Thailand in stalemate การเมืองไทยยืดเยื้อ

4 07 2008

Nowadays we always hear many interesting news. Interior Minister Chalerm was chased out by a group of local in Krabi province. Prime Minister Samak complained that police planned to detain him immediately after he tocuhed down at the Suvarnabhumi airport. One or more excutive members of People Power Party, the ruling party, would soon be disqualified from their canibet position. Premier Samak himself might soon be busy defending his court cases. Former premier Thaksin Shinawatra has been ordered not to leave the country as the date of hearing on the land scandal is due next week. And a few ruling coalition parties may be dissolved. That no doubt would include the main actor like PPP.

If all the above occur, what will be left for Thailand? In a seminar I attended lately on “Crisis, Brinkmanship and stalemate: What Next for Thailand?”, almost all speakers seem pessimistic. Some see it as end game of Samak government. Some think all the turmoil will end up in physical fighting between supporters of PAD and PPP. PAD has made it known that they want a change in an entire political system. They claim that full democracy will never work in Thailand. Some of the political leaders will have to be chosen as general election will bring old faces to political scence again and again. And again, if general election is allowed, PPP or Thakisin nominee party will surely win. To get beyond Thaksin phenomenon, leaders must be appointed and some can be elected. Shold this happen, Thailand is going backward or not going anywhere. This explains why PAD has not have much support this time, unlike the demonstration they led in 2006 when they gained massive support from Bangkokian. Yet, we can never underestimate PAD. It seems that their influence has extended widely to the 14 provinces in the South. As a result, Prime Minister Samak and Interior Minister Chalerm do not dare to visit southern provinces. Local people stated clearly that they are not welcome and that both leaders have no legitimacy to rule.

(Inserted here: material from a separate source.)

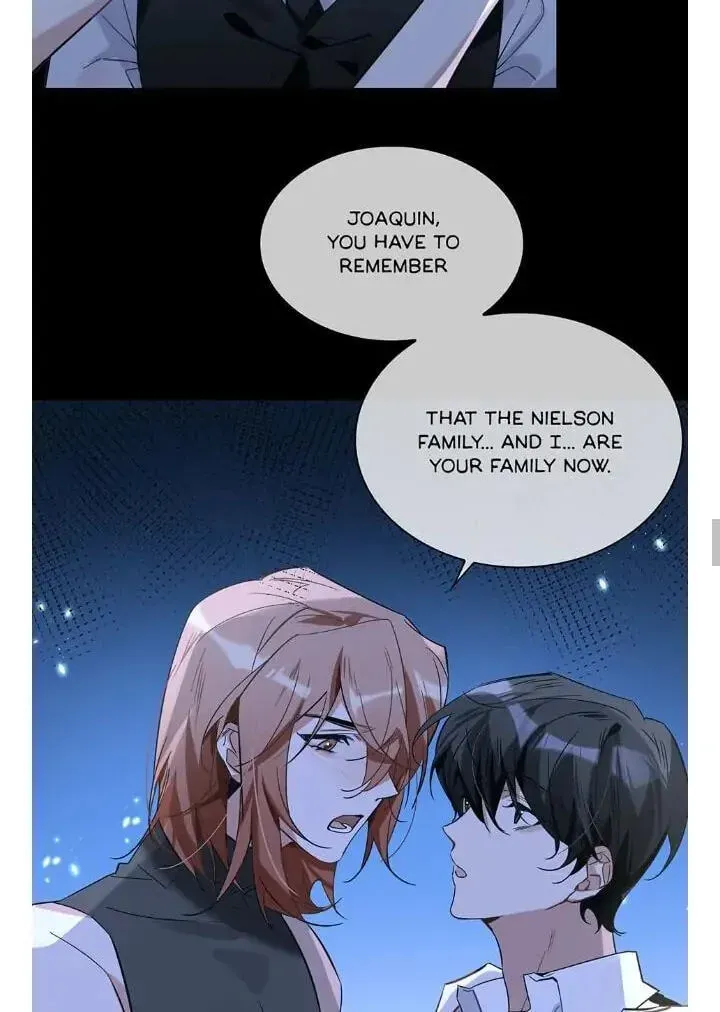 The Code of Silence Chapter 85.2 page 23 - 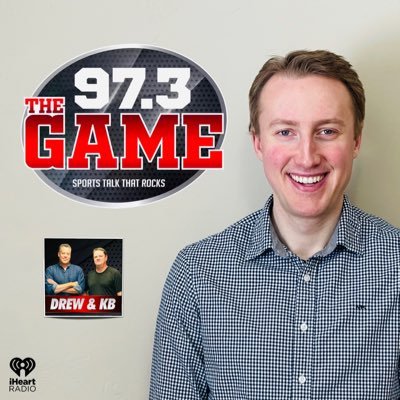 Executive Producer of @DrewandKB on @TheGameMKE and statewide in Wisconsin. Brewers Reporter/Postgame Co-Host for @TheGameMKE.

Can we rely on the capability of the Opposition to make change in the parliament? A simple answer is NO. Democrat Party has been weak and incapable. It can never offer an alternative force, not for the moment, until and unless it changes its leader. It has been disappointing for many of its supporters that they falied to capitalise on the last electionn when everything was going their way – especailly the silent support from the military and the royal establishment. Yet, they could not manage to penetrate to the North and the Northeast. It will be a long time before they can make a comeback. DP really needs to do a serious soul searching.

Before we cna think of any likely scenario in a few weeks to come, it would be interesting to see what Thaksin will do a day before his court hearing. I do not think that he would allow the court to prove him guilty. How he will fight will be something all the Thai have to keep their eyes really open.